Depuis le 9 avril, le Liban observe une journée de deuil, ébranlé par les plus graves bombardements qu'il ait connus depuis le début du conflit. Effectuées sans préavis, ces attaques ont touché le centre de Beyrouth ainsi que d’autres localités libanaises, causant 203 morts et près de mille blessés, selon des chiffres encore préliminaires fournis par les autorités libanaises.
Benjamin Netanyahu a, sur son compte X, réitéré la position d'Israël : "Quiconque s'en prend aux civils israéliens sera frappé. Nous continuerons ces actions jusqu’à ce que la sécurité soit complètement restaurée pour les habitants du nord de notre pays." L’Armée israélienne a qualifié cette opération de sa "plus grande frappe coordonnée" contre le Hezbollah, survenue depuis le début des hostilités le 28 février dernier, qui ont déjà coûté la vie à des milliers de personnes en région, incluant Liban et Iran.
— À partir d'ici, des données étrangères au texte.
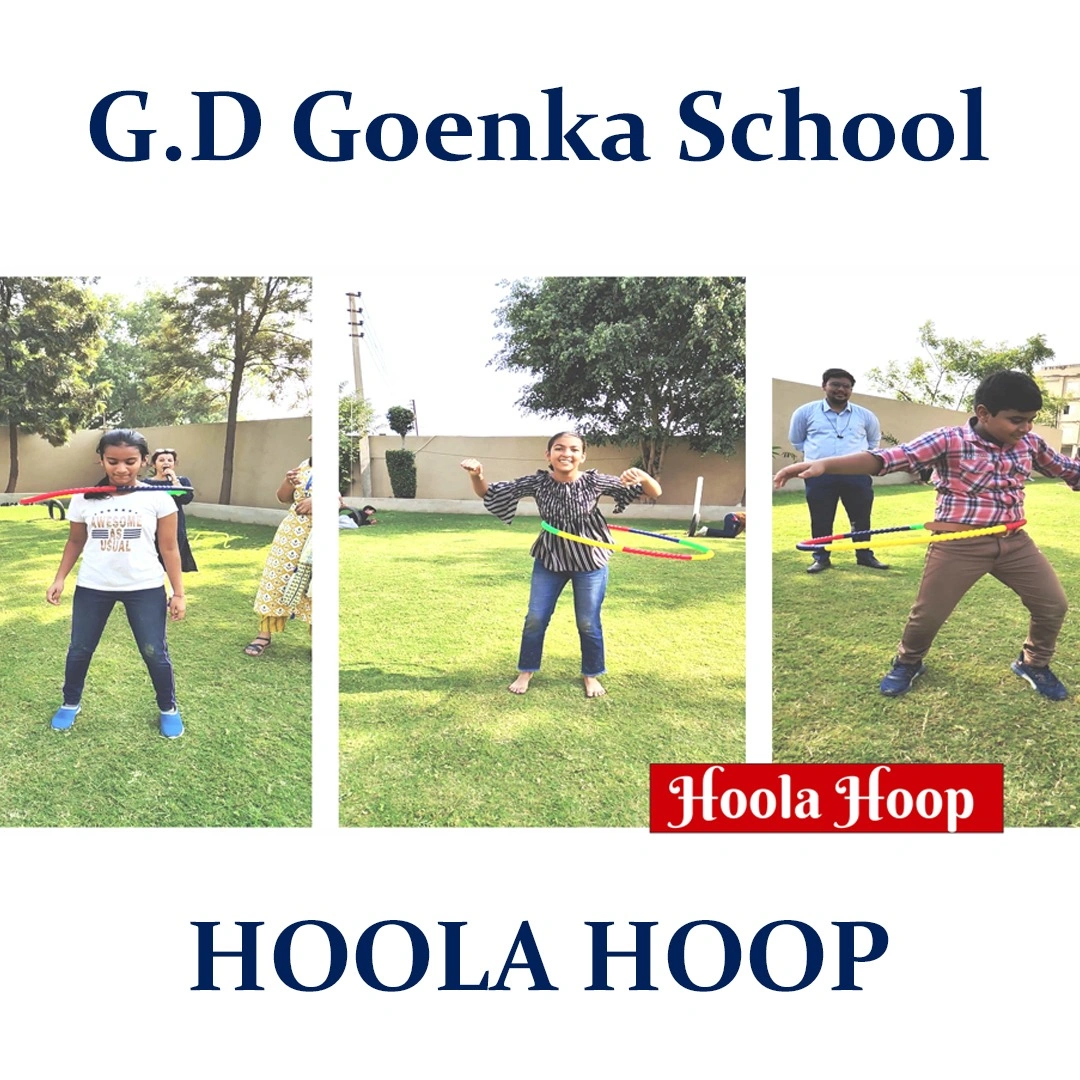 Gd Goenka Varanasi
Les frappes sur le Liban fragilisent le cessez-le-feu
Les bombes israéliennes sur le Liban ont engendré un "grave danger pour le cessez-le-feu et les efforts pour une paix durable dans la région", a déclaré le secrétaire général de l'Organisation des Nations unies, Antonio Guterres, dans un communiqué émis par son cabinet. Ce message souligne les inquiétudes croissantes concernant la stabilité d'un cessez-le-feu déjà précaire, alors que le Conseil de sécurité appelle à une désescalade immédiate.